# Dataset entries:
*** Block opens ***
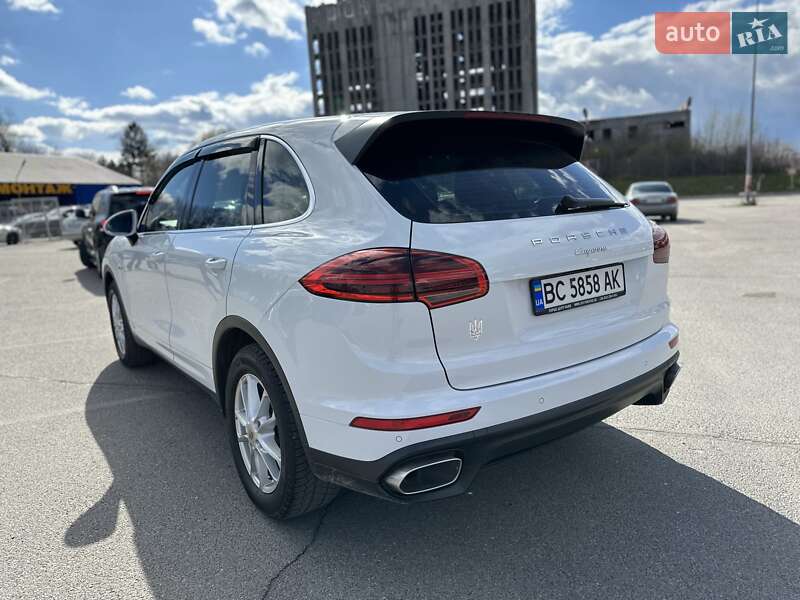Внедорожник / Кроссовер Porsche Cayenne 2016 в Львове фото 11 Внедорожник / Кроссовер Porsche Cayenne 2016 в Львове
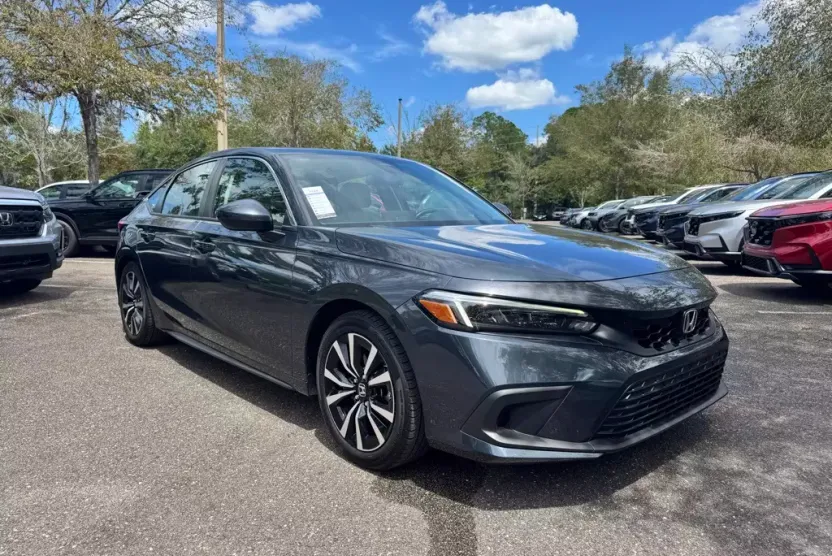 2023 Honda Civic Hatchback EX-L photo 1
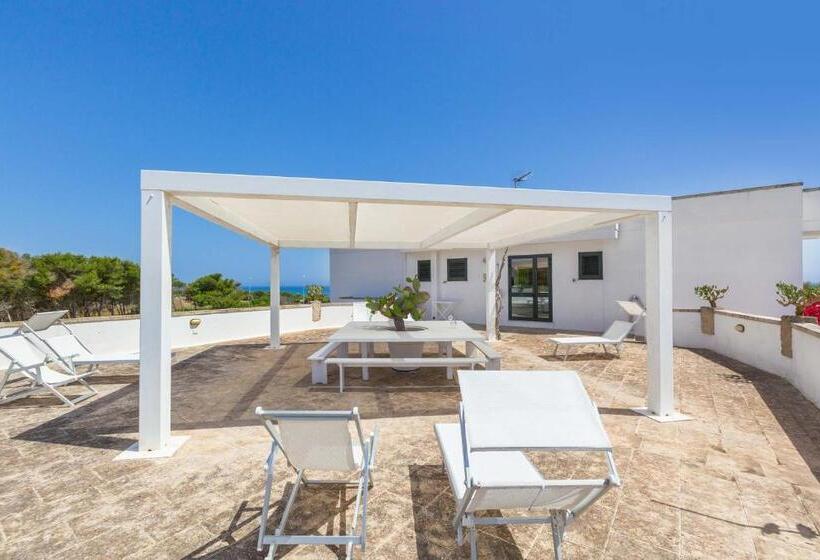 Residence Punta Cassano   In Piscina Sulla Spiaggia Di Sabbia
*** Block closes ***
*** Block opens ***
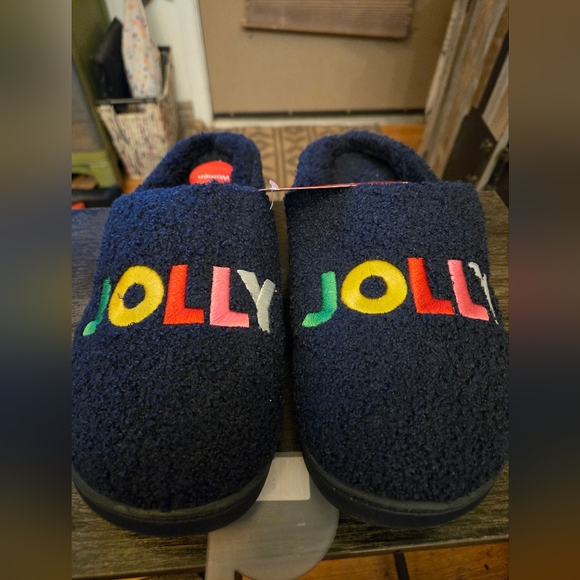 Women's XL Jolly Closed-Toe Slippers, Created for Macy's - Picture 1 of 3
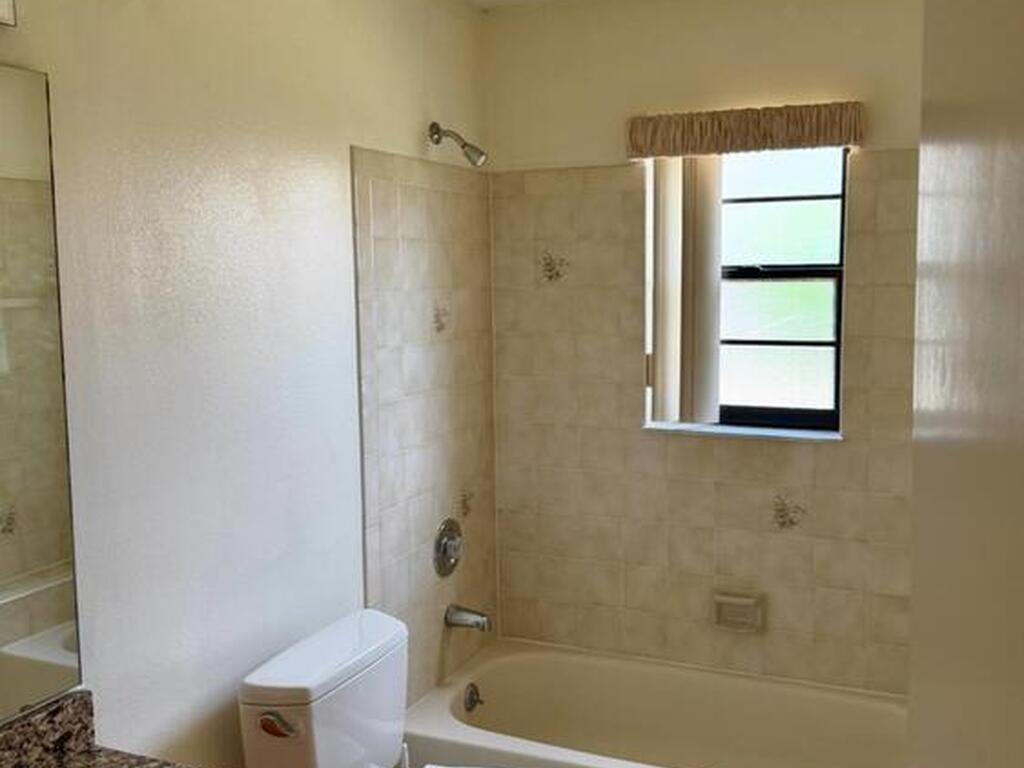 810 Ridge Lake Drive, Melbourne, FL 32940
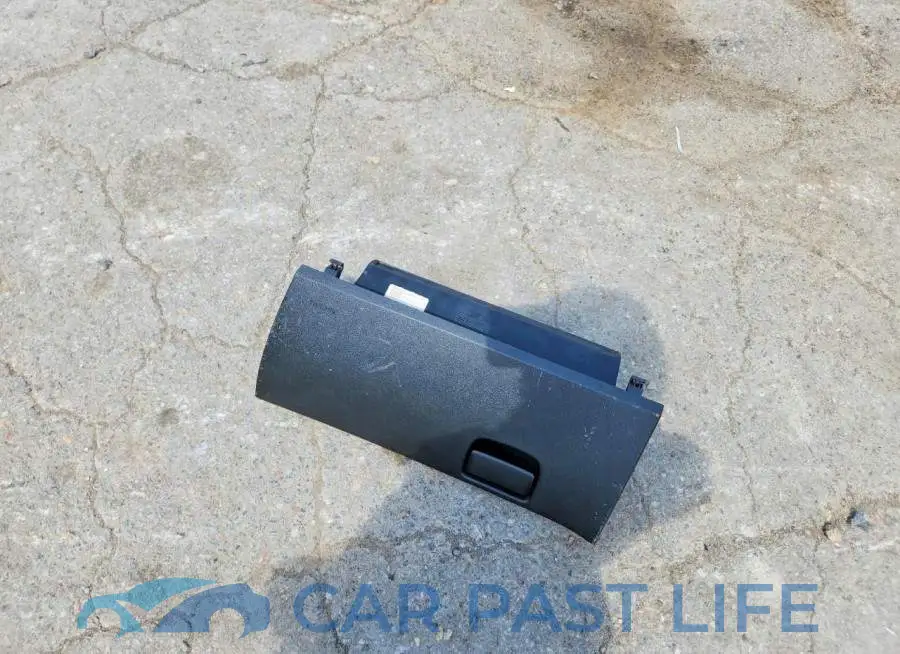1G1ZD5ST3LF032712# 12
*** Block closes ***
Starting at the line above with "810 Ridge Lake Drive, Melbourne, FL 32940", output every line exactly up to and including the line with "1G1ZD5ST3LF032712# 12", but none of the pictures.

# Task solution:
 810 Ridge Lake Drive, Melbourne, FL 32940
1G1ZD5ST3LF032712# 12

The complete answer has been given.